Presque neuf ans après les faits, le verdict est tombé dans la nuit devant un tribunal spécial, la Cour de répressions des infractions économiques et du terrorisme (Criet) à Porto Novo, capitale du Bénin.

La justice béninoise a condamné jeudi à dix ans de prison ferme les principaux responsables de l'affaire ICC-Services, baptisée "l'affaire Madoff béninoise", le plus gros scandale financier de ce pays d'Afrique de l'Ouest qui a touché plus de 150.000 personnes.

Le PDG d'ICC-Services Guy Aplogan, son directeur général Ludovic Dohou, ainsi que deux de leurs collaborateurs, Emile Tégbénou et Clément Sohounou, "sont condamnés à 10 ans de prison ferme et au paiement d'une amende de 12 millions de FCFA (18.2OO euros) chacun", a déclaré le président de la Criet, Cyriaque Dossa.

Ils ont été reconnus coupables d'escroquerie avec appel au public et exercice illégal d'activité bancaire, dans ce procès historique et très attendu des victimes de cette pyramide financière à la Ponzi qui s'est finalement écroulée, emportant avec elle leur argent.

La justice n'a toutefois pas retenu l'association de malfaiteurs qui aurait pu entraîner une peine plus lourde encore.

Parmi les six autres personnes inculpées dans cette affaire, certaines ont été acquittées, les autres ayant écopé de peines allant de trois à huit ans de prison.

Me Alain Orounla, un avocat des victimes, s'est dit "heureux de la décision du juge".

"La satisfaction des victimes, c'est qu'une décision de condamnation et de déclaration de culpabilité ait été prise", a-t-il affirmé.

Quelque 150.000 épargnants avaient été spoliés par 204 structures de placement entre 2006 et 2010, pour un total estimé à plus de 150 milliards de francs CFA (près de 230 millions d'euros), selon un rapport du Fonds monétaire international (FMI).

Connexions politiques?

La justice béninoise a tenté de comprendre comment fonctionnait cette escroquerie dont ICC-Services (Investment Consultancy and Computering Services), était la principale structure impliquée.

Des milliers d'artisans, commerçants ou encore magistrats ont perdu toutes leurs économies dans cette affaire, certains ayant même emprunté à des usuriers ou à des banques pour pouvoir investir.

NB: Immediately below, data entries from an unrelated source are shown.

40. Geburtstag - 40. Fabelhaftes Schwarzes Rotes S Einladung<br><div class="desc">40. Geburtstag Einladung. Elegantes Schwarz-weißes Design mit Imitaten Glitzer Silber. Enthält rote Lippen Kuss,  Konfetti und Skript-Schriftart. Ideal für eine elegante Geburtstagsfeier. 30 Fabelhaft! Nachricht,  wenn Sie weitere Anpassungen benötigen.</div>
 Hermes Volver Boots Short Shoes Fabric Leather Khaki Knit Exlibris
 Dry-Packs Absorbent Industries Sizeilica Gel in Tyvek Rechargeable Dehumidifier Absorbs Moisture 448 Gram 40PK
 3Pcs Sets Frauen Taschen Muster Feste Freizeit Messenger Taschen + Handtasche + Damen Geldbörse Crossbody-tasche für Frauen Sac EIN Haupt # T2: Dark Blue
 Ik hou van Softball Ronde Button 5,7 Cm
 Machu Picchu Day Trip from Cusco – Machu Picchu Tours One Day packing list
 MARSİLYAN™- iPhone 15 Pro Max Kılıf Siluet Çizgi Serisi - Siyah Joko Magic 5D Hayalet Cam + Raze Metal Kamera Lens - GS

ICC-Services promettait alors des rendements mirobolants à ses clients: jusqu'à 150, voire 200% par trimestre, avec remboursement du capital au bout d'un an.

La fraude consistait à rémunérer les premiers investisseurs avec l'argent déposé par de nouveaux clients, jusqu'à ce que le système s'effondre en 2010.

"Des consoeurs et des amis avaient fait des dépôts et recevaient les dividendes", a expliqué durant le procès une victime, Aline Aklassato, tisserande.

"Moi-même j'ai perçu mes dividendes pendant deux mois, soit 300.000 FCFA (457 euros), avant que les difficultés commencent".

Mais des zones d'ombre subsistent autour de cette affaire et des éventuelles connexions politiques qu'elle implique. Comment ces sociétés ont-elles pu prospérer toutes ces années? Ont-elles bénéficié de protections?

Dès 2010, le président du Bénin de l'époque, Thomas Boni Yayi, et plusieurs hauts responsables avaient été accusés de complicité. Aucun d'entre eux n'a été officiellement inquiété par la justice jusque-là.

Mais le parquet a assuré jeudi que le dossier n'était pas clos et que d'autres poursuites judiciaires suivraient.

Dédommagement

La plupart des victimes présentes au tribunal, comme Eric Justin Dénakpo, qui a assisté aux 32 journées d'audience, ont accueilli ce dénouement avec soulagement, eux qui se battent depuis des années pour obtenir réparation.

"Ce verdict donne l'espoir, même si on ne peut plus recouvrer l'intégralité de nos dus", a-t-il déclaré à l'AFP.

La justice a ordonné un premier dédommagement des victimes à hauteur de 827 millions de francs CFA (1,2 million d'euros), issus de la vente de meubles et biens des responsables d'ICC-Services lors de perquisitions effectuées quand le scandale a éclaté en 2010.

D'autres biens meubles et immobiliers - dont plus d'une centaines de maisons et parcelles - appartenant aux mis en cause "seront confisqués afin de constituer une cagnotte de dédommagement pour les victimes", a ajouté la Cour.

Après plus de huit ans passés en détention, la plupart des 10 responsables condamnés vont pouvoir être libérés, tandis que les quatre dirigeants condamnés aux peines les plus lourdes ont encore un peu moins de deux années à purger.

"La grande satisfaction, c'est que le procès ait eu lieu parce qu'on ne peut pas rester en prison sans connaître son sort", a confié à l'AFP l'un des avocats de la défense, Me Abou Salomon.